Hardcourt Bike Polo Has Flourished In South Florida (part 1)

Forget American football for now. There is a small game known for getting a worldwide draw in South Florida, especially in Broward County.

Hardcourt bike polo was originated in Seattle in the early 2000s and is a subtle form of grass cycling, invented in Ireland in 1891.

Players form three or four teams and use small hand-painted characters from ski poles to skillfully advance the ball to the goal.

These games are played on the streets and in difficult areas such as basketball courts, tennis courts and roller hockey rinks.

With kindness and balance, the games are fast and played with good strength. Athletes in street clothes ride on fast-moving bicycles and often customize their bikes with handmade wheelbarrows, shortened handlebars and move the brakes to one side so that players can brake with one hand.

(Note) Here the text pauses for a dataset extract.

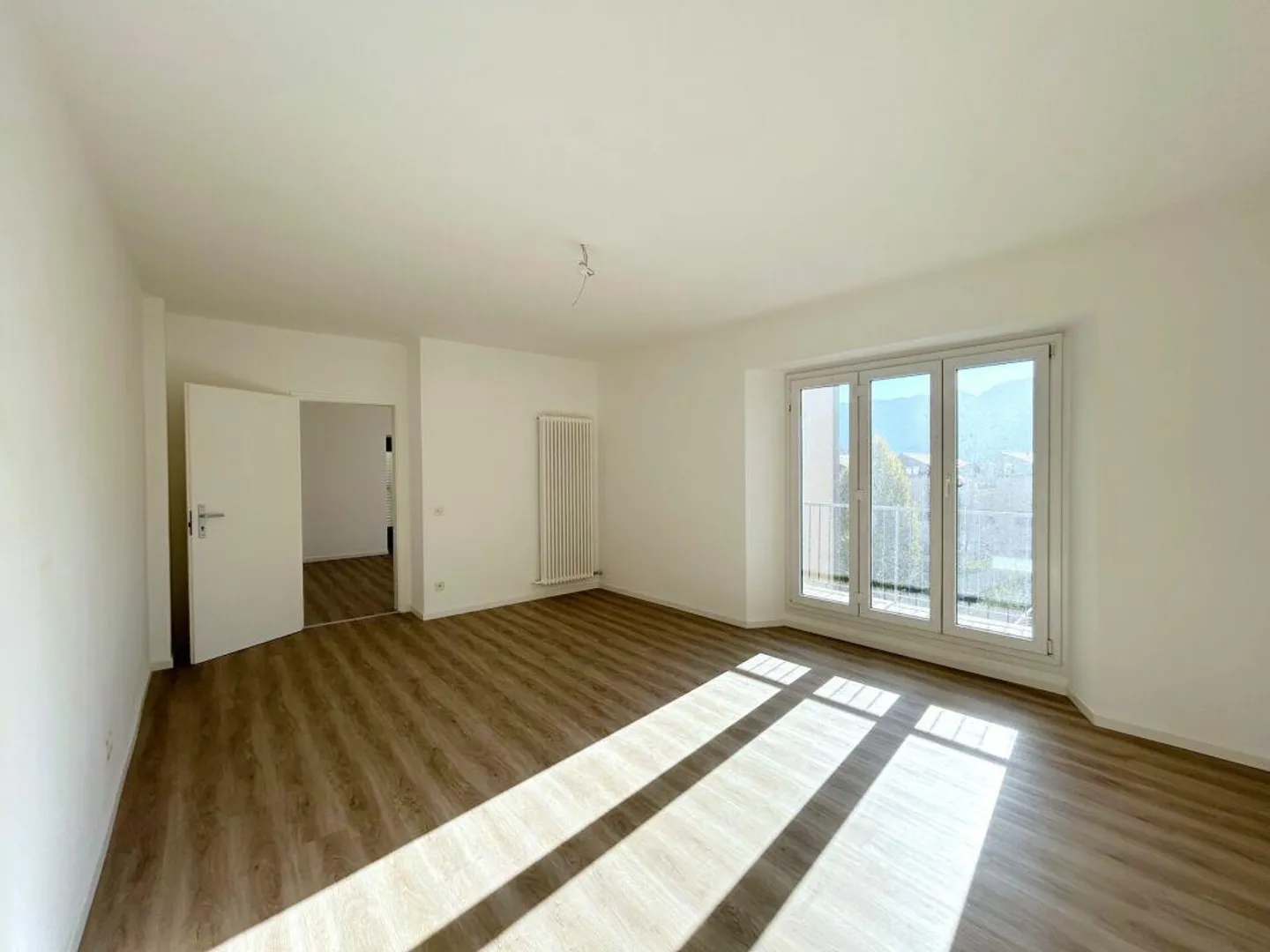 Bell'appartamento di 3,5 locali al 2° piano nel cuore di Tegna - Foto 7 di 11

The game was held in South Florida about 2007, when a team of 15 or more players will meet at the roller hockey rinks at Holiday Park in Fort Lauderdale. Initially, the FTL Bike Polo meetups were inconsistent until the name came to prominence and re-emerged in late 2011. Now the group meets every Thursday night.

In court competitions can be violent, but apart from court players they promote a cohesive community, often sitting on weekends, celebrating birthdays or simply wandering around. When players are on the road or going to other cities, they can connect to other areas of the polo field and find a bed to hit on.

The Bike polo is divided into seven areas throughout the United States. Kreally ‘K’ Kasai, a long-time resident of Fort Lauderdale and a cyclist, says: “South Florida was one of the last places to bring a bicycle pole, so the increase in excitement we are seeing is the arrival of other cities. See a huge increase now.”

After that, the sport grew and spread to Miami.